Le député communiste de la 13e circonscription des Bouches-du-Rhône, Pierre Dharréville, lance « le grand inventaire des biens communs ». Mûrie depuis de nombreux mois, cette initiative se présente comme une démarche de longue haleine. Par-delà la crise, il appelle à une large participation citoyenne.
La Marseillaise : «Le grand inventaire des biens communs », qu’est-ce que c’est?
Pierre Dharréville : C’est une initiative citoyenne à laquelle je réfléchis depuis longtemps. Pour moi, c’est une démarche au long cours, qui veut nourrir la réflexion et l’action, redonner du sens à la politique. Nous sommes à l’ère de la privatisation du monde, de la marchandisation de tout, de l’accaparement insensé des avoirs et des pouvoirs par quelques-uns. Cette course en avant, où tout est de plus en plus laissé à la main du marché, défait nos liens, casse nos outils, abîme l’humain et la planète. On gagnerait à se redécouvrir sociétaires du genre humain.

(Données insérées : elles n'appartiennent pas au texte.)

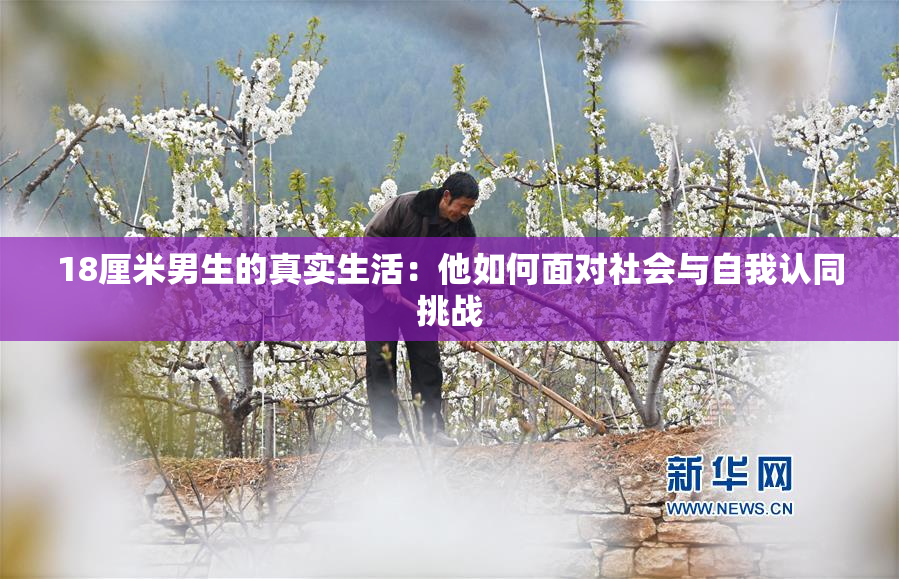 18厘米男生的真实生活：他如何面对社会与自我认同挑战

Qu’entendez-vous par biens communs ?
P.Dh. : Les biens communs, c’est ce que nous avons en partage ou qui mériterait de l’être. Le premier de ces biens communs à venir à l’esprit, c’est peut-être la planète. Et par les temps qui courent, évidemment la santé, et plus précisément par exemple l’hôpital… Nous sommes en train de le redécouvrir ! Depuis le square en bas de la cité jusqu’à l’eau si précieuse, il y a une myriade de biens communs, matériels et immatériels, à protéger, à promouvoir, à conquérir. Tenez, on pourrait aussi parler d’Aéroport de Paris, de l’Internet. La République devrait aussi y figurer, avec les droits fondamentaux… Le droit à la retraite, tiens, on pourrait l’inscrire au grand inventaire, non ? De ma fenêtre, j’y inscris l’air que l’on respire, puis j’ajoute notre étang de Berre…

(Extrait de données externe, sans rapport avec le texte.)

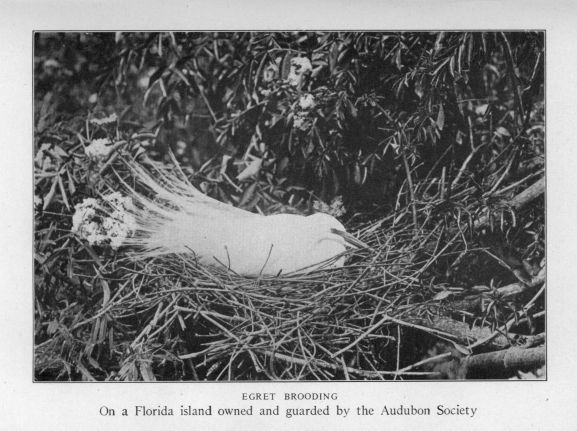 Egret brooding on a Florida island owned and guarded by the Audubon Society.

Vous citez des choses très différentes…
P.Dh. : Les biens communs sont présents dans toutes les dimensions de l’existence. Il y a des biens communs particuliers, universels, génériques, matériels, immatériels… Nous allons classifier et cela va nous aider à réfléchir. Parce que cela ouvre des tas de questions. Notamment sur leur état, leur statut, leur mode de gestion actuel ou souhaitable… Et très vite, cela pose des questions politiques, dans le concret de la vie. La gestion de l’eau, par exemple, c’est une question passionnante. Cet inventaire n’est pas une simple liste, c’est tout un paysage…

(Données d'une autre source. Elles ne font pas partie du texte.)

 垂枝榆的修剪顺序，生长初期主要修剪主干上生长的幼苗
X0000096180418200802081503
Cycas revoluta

Quelle forme va prendre cet inventaire ?
P.Dh. : Un espace lui est dédié sur mon site Internet, sur lequel on pourra formuler des propositions, tout simplement*. Un jury citoyen, composé d’habitantes et d’habitants que j’ai rencontrés au fil du temps sur le terrain, jouera un rôle d’animation. Et la suite, nous l’inventerons ensemble.
Pourquoi la lancer maintenant et ne pas avoir attendu la fin du confinement ?
P.Dh. : Au cœur de cette crise, des questions essentielles sont en train d’émerger. Beaucoup de femmes et d’hommes réfléchissent, se demandent comment se réapproprier le monde, se réapproprier l’avenir. Déjà, se cherche la relance. Elle devra être sociale, écologique et démocratique.
Nous sommes à un carrefour, à une bifurcation. Nous ne devons pas continuer comme avant. Disons ce à quoi nous tenons, ce qu’il faut réparer, ou conquérir. Le grand inventaire peut nous aider à préparer le monde d’après. Un monde où il faudra mieux partager, mieux prendre soin.